Live-Stresstest scheinen sich immer mehr zu einem Innovationsmotor für Bitcoin zu entwickeln. Egal ob unbeabsichtigt wie bspw. bei der Mt.Gox-Pleite, als der Preis zwar in den Keller ging, sich aber fortan alle Bitcoin-Börsen intensiv um das Thema Sicherheit bemühten oder ob ganz bewusst provoziert wie bei der noch immer laufenden Kampfabstimmung zwischen Bitcoin Core, Bitcoin XT und neuerdings BIP100.

Auch hier ging der Preis ziemlich in den Keller, aber zumindest wird damit die dringend benötigte Debatte um die Blocksize vorangetrieben. Somit ist auch hier wieder ökonomischer Stress das systematische Druckmittel auf alle Beteiligten nicht im Stillstand zu verharren, sondern tätig zu werden.

Stress durch Transaktions-Spam

Noch expliziter setzt das britische Unternehmen CoinWallet auf die Stresstest-Karte, indem es vor einiger Zeit zunächst das Bitcoin-Netzwerk mit Microtransaktionen vollspamte, um das Limit zu kleiner Blöcke zu verdeutlichen und gestern einen neuen Stresstest startete. Dieses Mal mit größeren Summen und höheren Transaktionsgebühren. Die subjektiven Gründe von CoinWallet für diesen Stresstest lassen sich in diesem Artikel erkennen: Blocksize, Konkurrenzkampf, Spaß am Trollen.
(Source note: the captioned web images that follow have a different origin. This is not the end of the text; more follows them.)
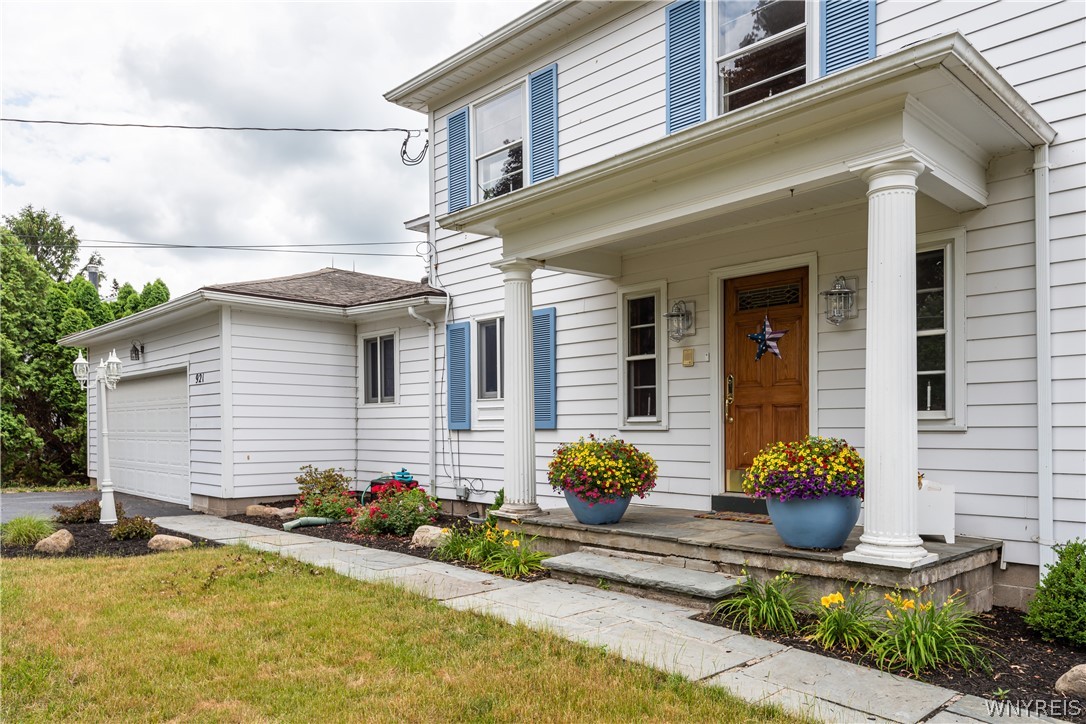 921 Middle Road Henrietta, NY 14543 - Photo 2 of 47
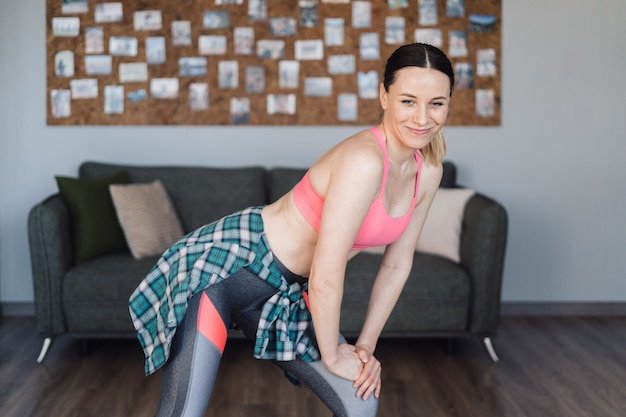 What Causes My Leggings to Gather at the Knees?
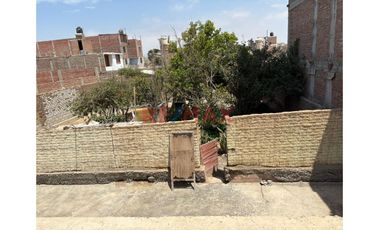 Venta Casa En Huanchaco A Precio De Terreno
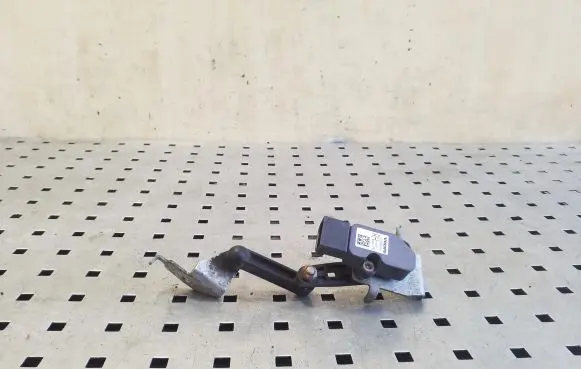 Volvo XC90 Headlight/headlamp level sensor 32246988 31406563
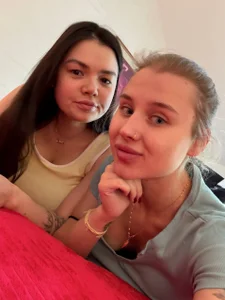 Public de BertaForth  4 photos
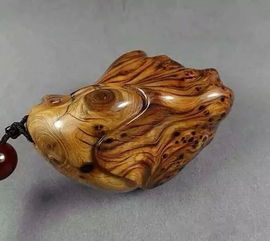 崖柏把玩后最终颜色 崖柏什么纹路最值钱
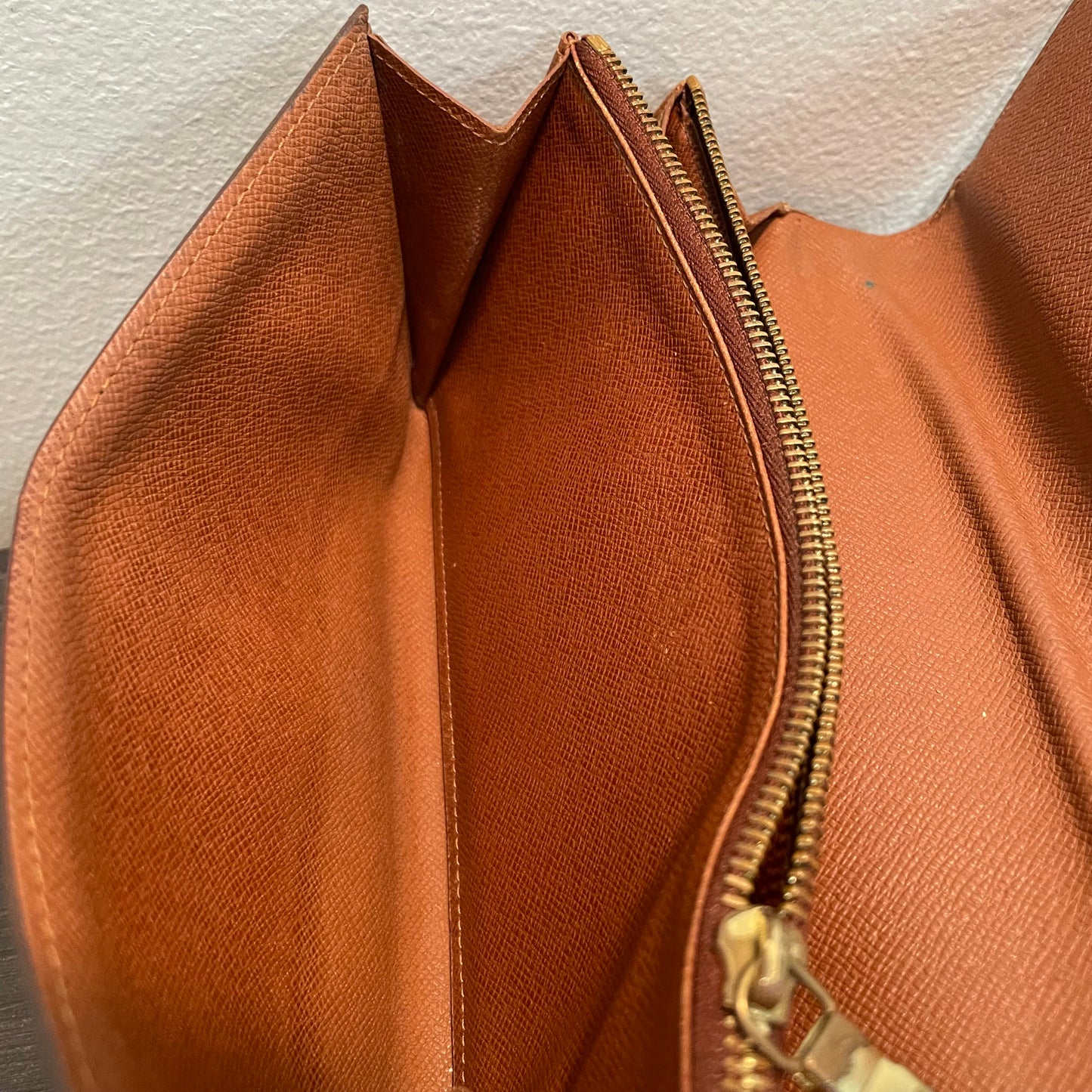 July-9 BAG DROP (Subscriber Price $100) Louis Vuitton Monogram Wallet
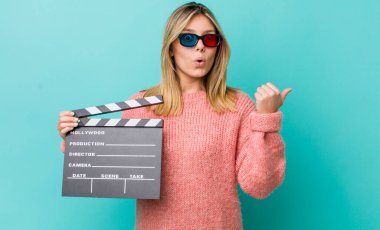 Güzel sarışın kadın inançsızlıktan şaşkın şaşkın bakıyor. Sinema kavramı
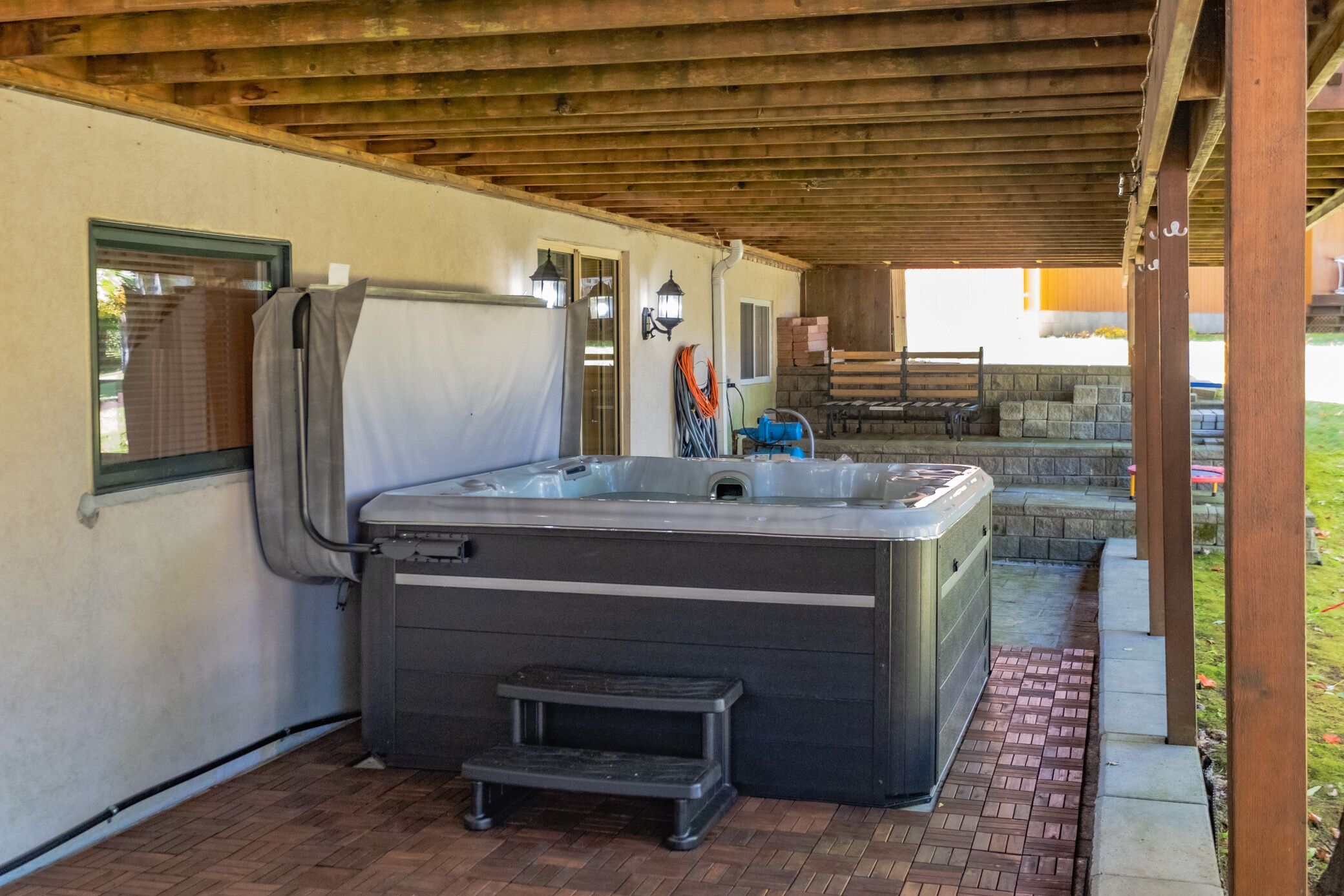 Riverfront All-Year-Round Cottage with the hot tub & pool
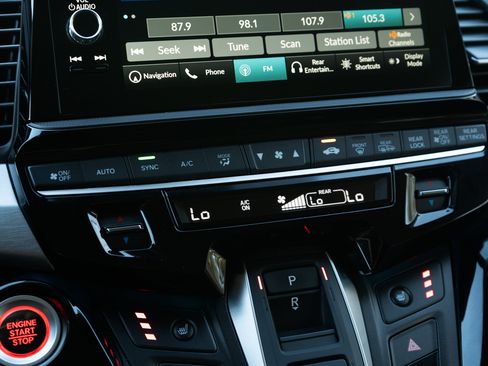 Certified 2026 Honda Odyssey Touring image 18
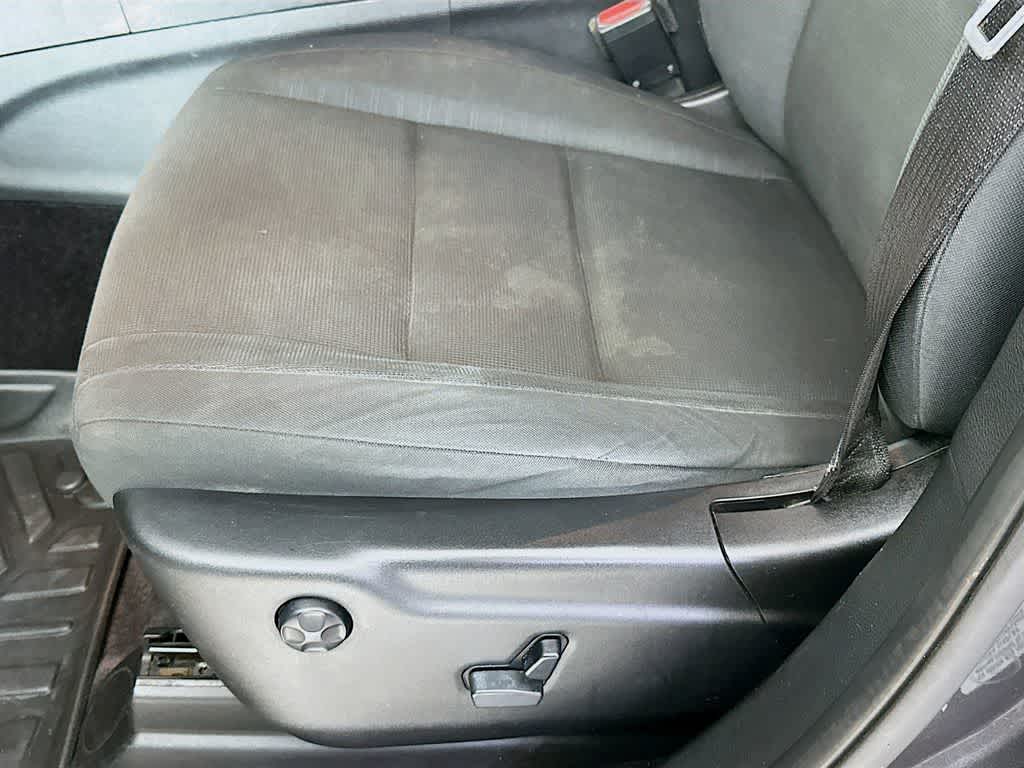 Thumbnail: 2015 Jeep Grand Cherokee - 29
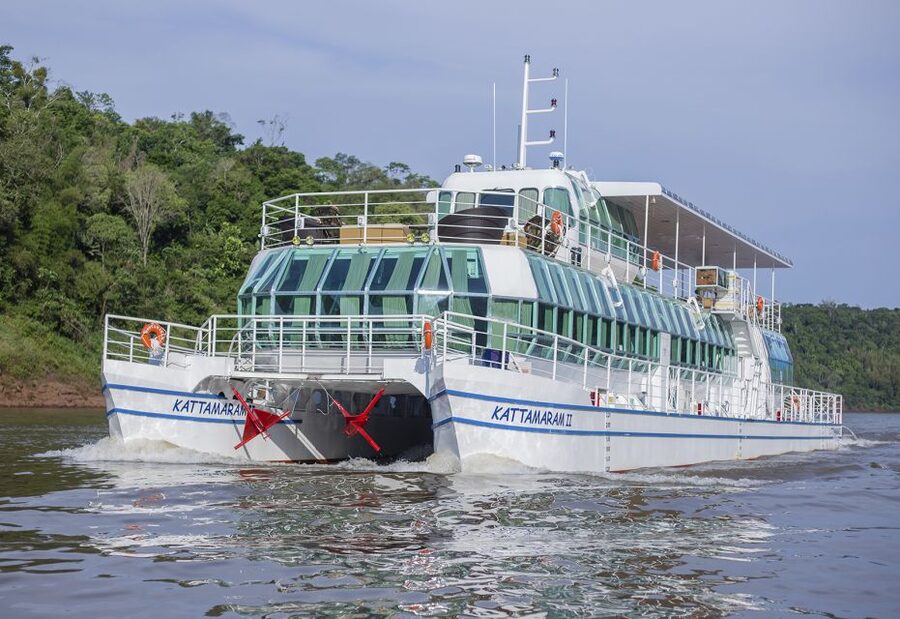 From Foz do Iguaçu: Sunset Catamaran Tour with Meal - The three-country meeting point from the water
Und auch wenn diese Motivation recht negativ klingt, könnte Bitcoin im Ganzen dennoch davon profitieren. Schon nach dem letzten Stresstest haben andere Wallet-Provider begonnen ihre Transaktionsgebühren dynamisch zu gestalten, um jederzeit Transaktionen ihrer Nutzer gewährleisten zu können.

Stresstest ohne Stress?

Ob der aktuelle Stresstest sich jedoch noch einmal zum Innovationsmotor wird, wird sich zeigen müssen. Trotz hoher Gebühren gibt es Anzeichen, dass die CoinWallet-Transaktionen ins Leere laufen.